Basically, a choice can be made between empirical techniques based on catchment characteristics, statistical techniques (where there is an abundance of reliable data), and unit-hydrograph techniques (which require some knowledge of rainfall characteristics, soil types, channel slope and shape of the unit hydrograph). Figure 18 shows a flow diagram for the process of estimating a design flood using either the statistical or the unit-hydrograph approach. For further details NERC (1975) should be consulted. In many areas throughout tropical Africa there are insufficient streamflow records for statistical techniques to be applied with confidence. Usually statements are required about ungauged catchments where a large degree of uncertainty is bound to arise. Choice of method depends to a large extent, therefore, on the amount and type of data available. It is still common to find the so-called ‘rational method’ being applied where sufficient data for other methods are lacking (Prabhakar, 1977). In this method, maximum runoff (Qmax) is related to average rainfall intensity (I) and catchment area (A) by means of an empirical runoff coefficient (K):
Qmax = K.I.A
Values of K are derived locally, often by trial and error, and values for Kenya conditions are given in Table 9.
Table 9 Empirical values of the factor K in the rational formula.

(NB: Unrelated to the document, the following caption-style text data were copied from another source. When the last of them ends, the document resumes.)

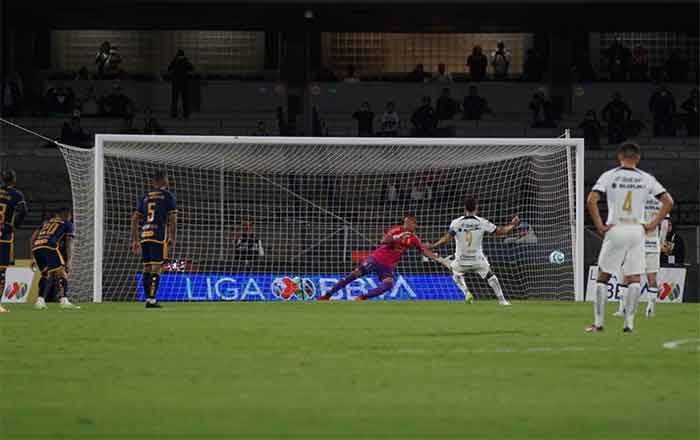 Tigres cae de visita ante Pumas 2-1 5 PUMAS 3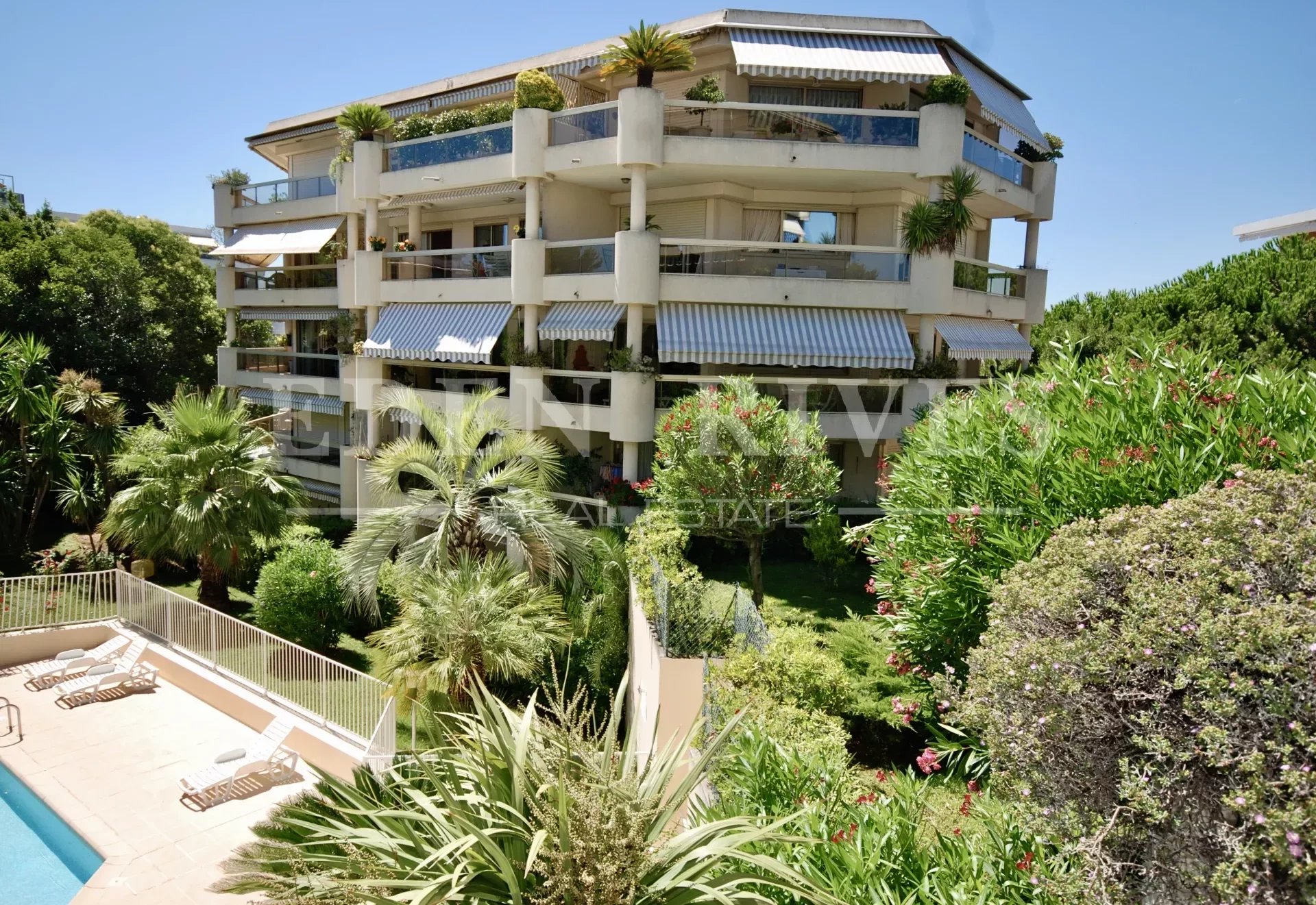 Vente Appartement 80m² 3 Pièces à Antibes (06600) - Eden Rives Exclusif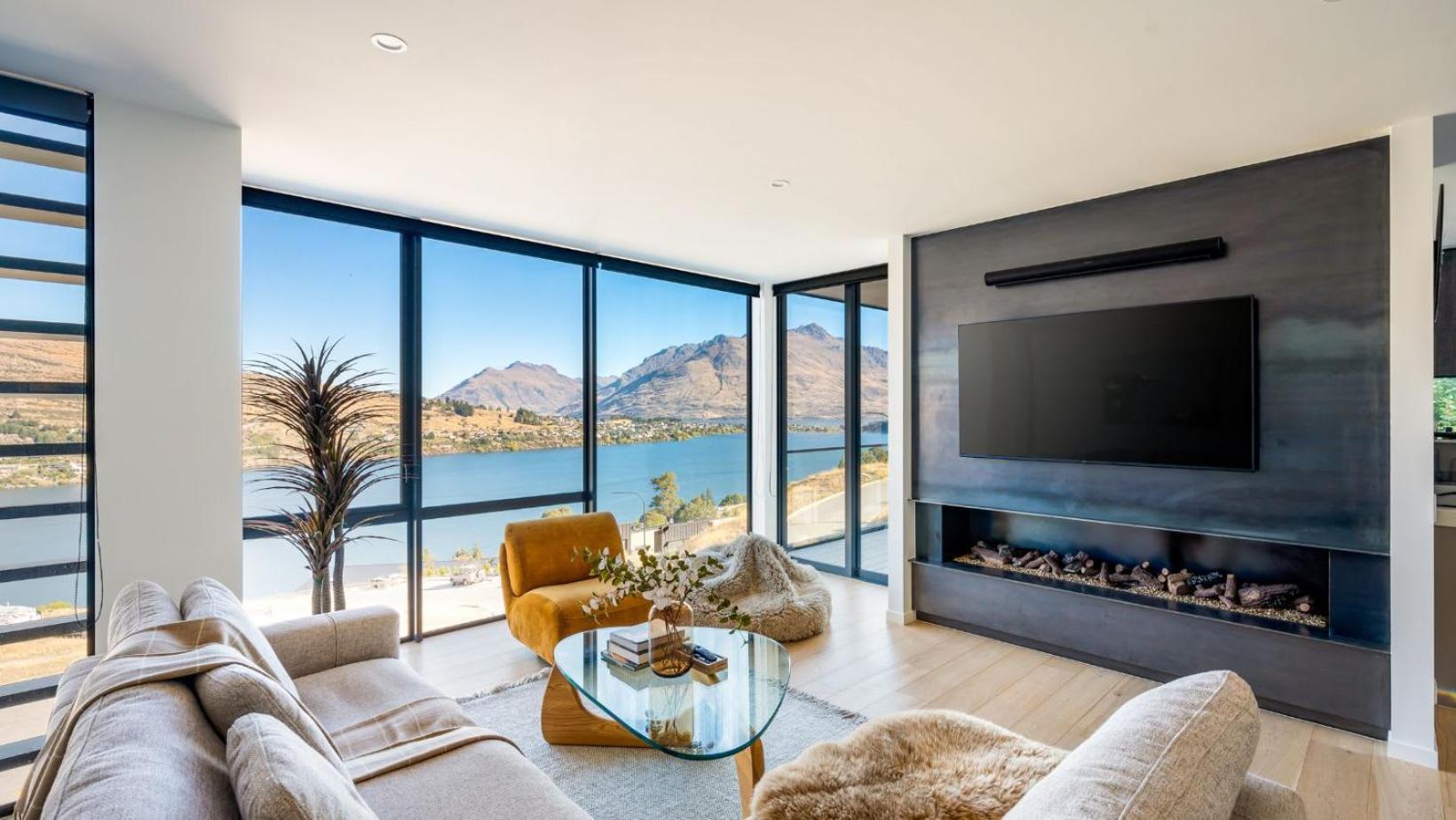 The Tiers- Hot Tub- Ac- Bbq- Free Parking Villa Queenstown Exterior photo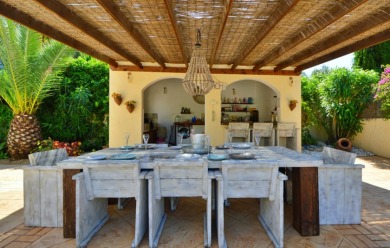 Luxury 4 bedroom villa with pool located in Javea - photo 17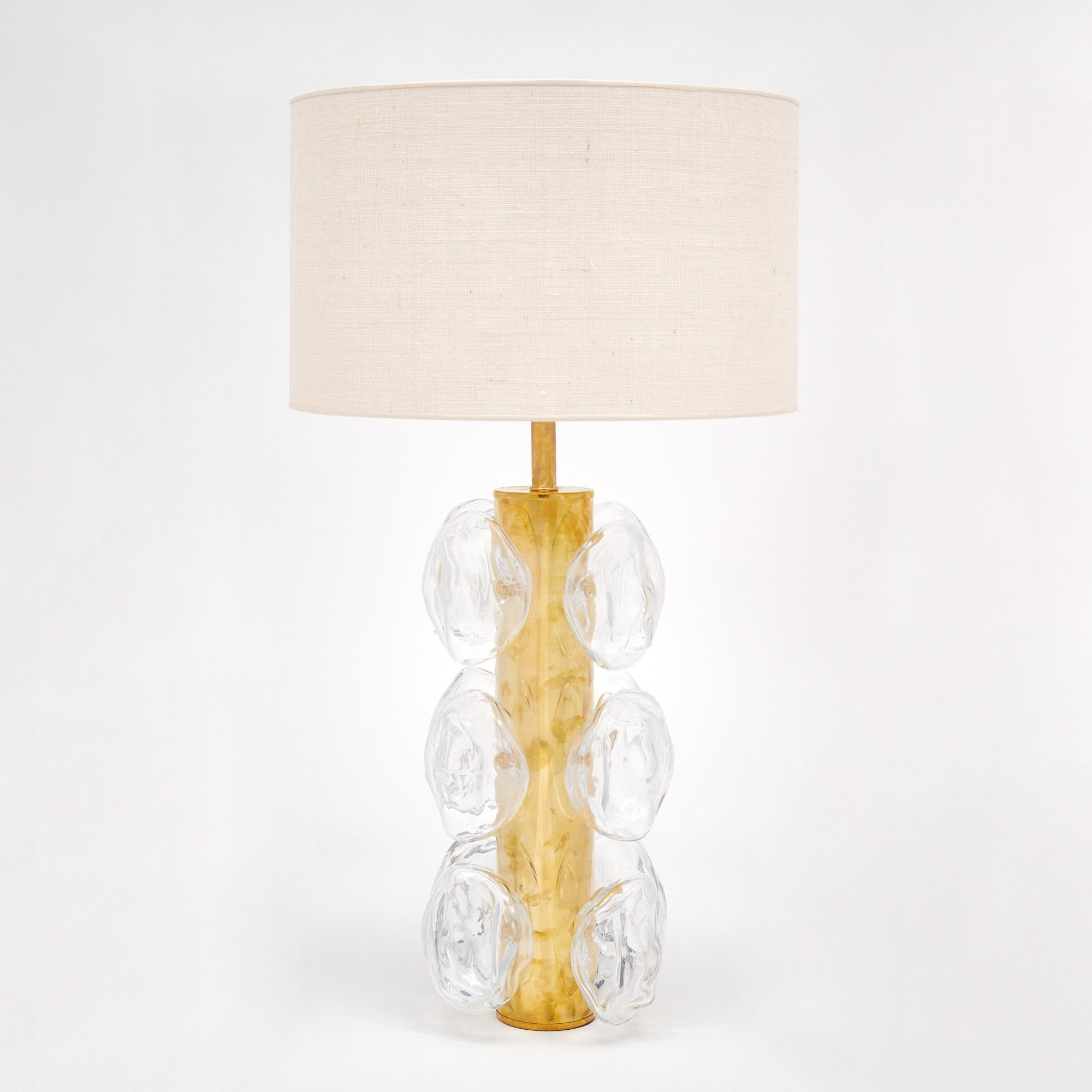 Paire de lampes provenant de l'île de Murano, en Italie, près de Venise. Cette paire est fabriquée avec une structure cylindrique en laiton massif. Des éléments organiques en verre transparent émanent de la structure et mettent en valeur la clarté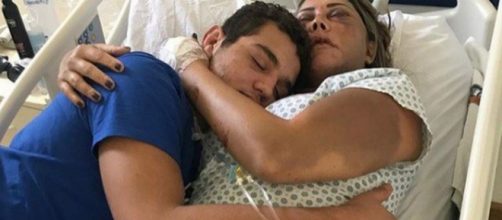 Royron Gracie abraça sua mãe no hospital. (Reprodução/Instagram)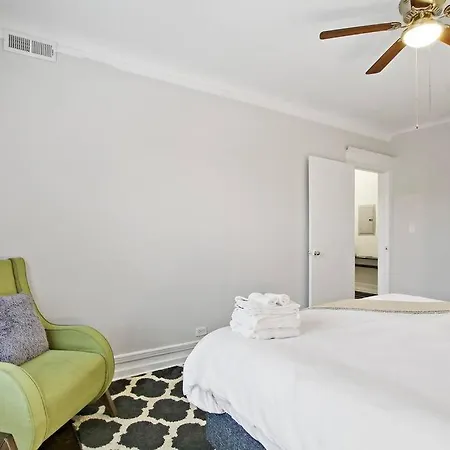 Enchanting 2br Apt With In-unit Laundry - 53rd St 3 Chicago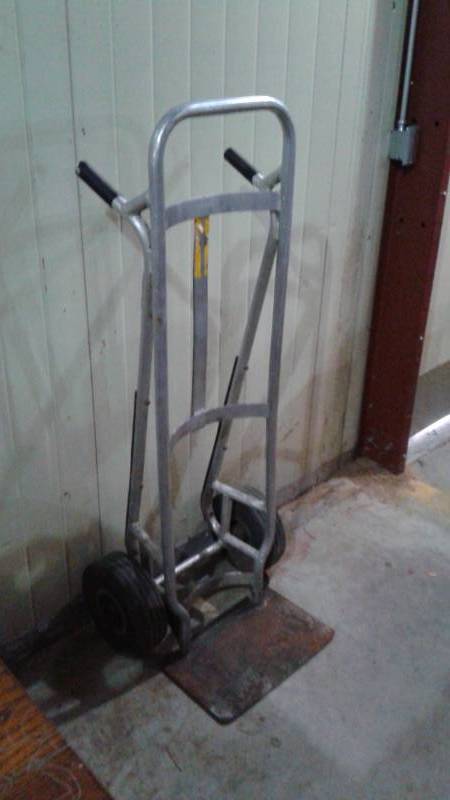lot 34 image: Heavy Duty Metal Rolling Cart Dolly, Used, Good Condition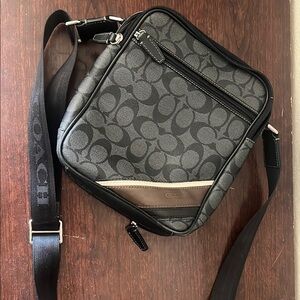 Coach Shoulder Bag 70394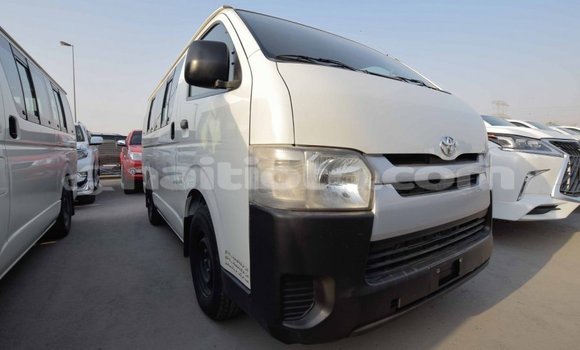 Acheter Import Voiture Toyota Hiace Blanc à Import - Dubai, Artibonite Acheter Import Voiture Toyota Hiace Blanc à Import - Dubai, Artibonite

| Type of catchment | Empirical values of factor K |
| Rocky and impermeable | 0.30 to 1.00 |
| Slightly permeable, bare | 0.60 to 0.80 |
| Slightly permeable, partly cultivated or covered with vegetation | 0.40 to 0.60 |
| Cultivated absorbent soil | 0.30 to 0.40 |
| Sandy absorbent soil | 0.20 to 0.30 |
| Heavy forest | 0.10 to 0.20 |
Source: Prabhakar (l977).
Another method, used when data are lacking, is the ‘envelope curve’ method in which recorded peak flows are plotted against catchment area. Figure 19 shows such a curve for Kenya (Prabhakar, 1977). Although a remarkable degree of conformity is often found, it is not possible with this method to relate magnitude to frequency of occurrence; but from experience, the line marked A-B in the diagram is expected to give approximately the 25-year flood.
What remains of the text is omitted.